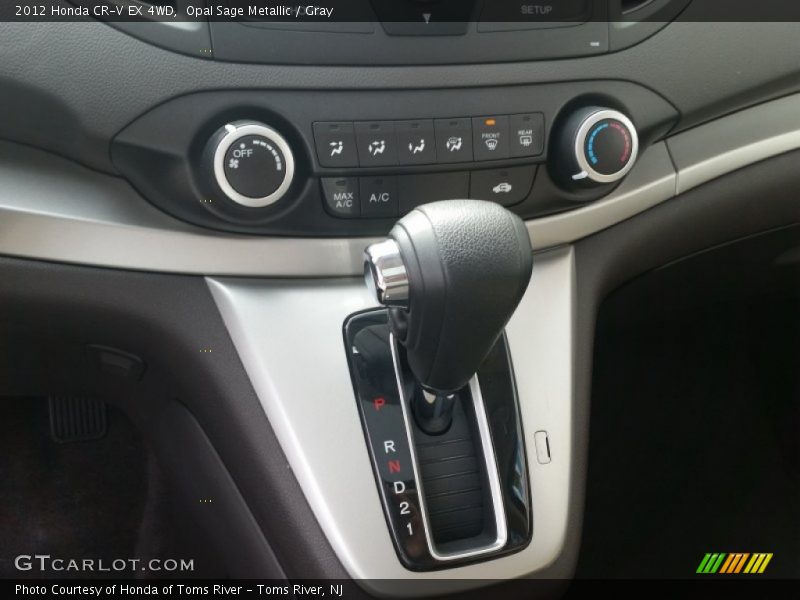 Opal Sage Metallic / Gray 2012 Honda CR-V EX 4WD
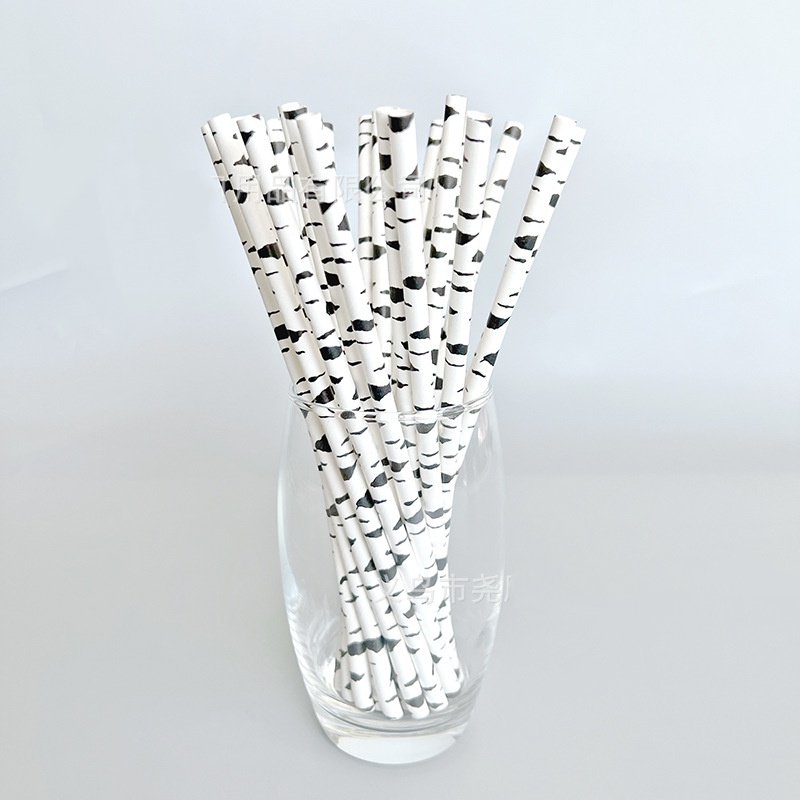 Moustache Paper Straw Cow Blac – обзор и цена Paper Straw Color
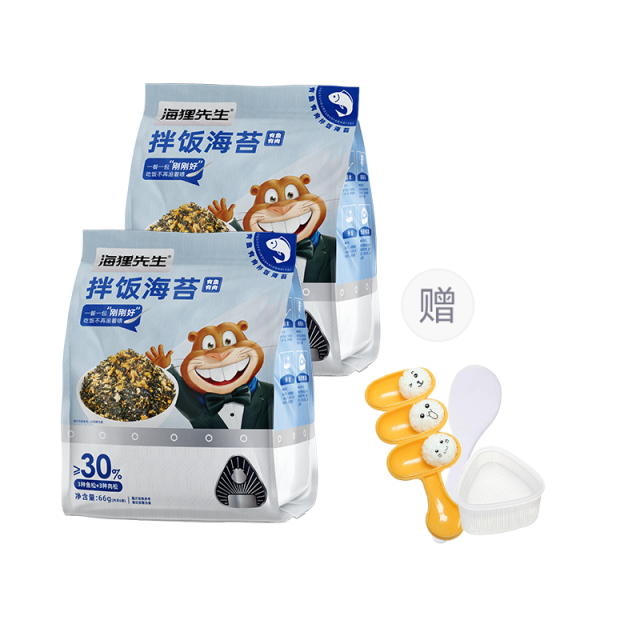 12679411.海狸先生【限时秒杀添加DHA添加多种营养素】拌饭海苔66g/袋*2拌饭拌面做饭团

★ ★ ★ ★ ★ ★ ★

-- What is being asked --
Give back the whole listing exactly as written. Do not include any picture.

-- Finished task --
 Opal Sage Metallic / Gray 2012 Honda CR-V EX 4WD
 Moustache Paper Straw Cow Blac – обзор и цена Paper Straw Color
 12679411.海狸先生【限时秒杀添加DHA添加多种营养素】拌饭海苔66g/袋*2拌饭拌面做饭团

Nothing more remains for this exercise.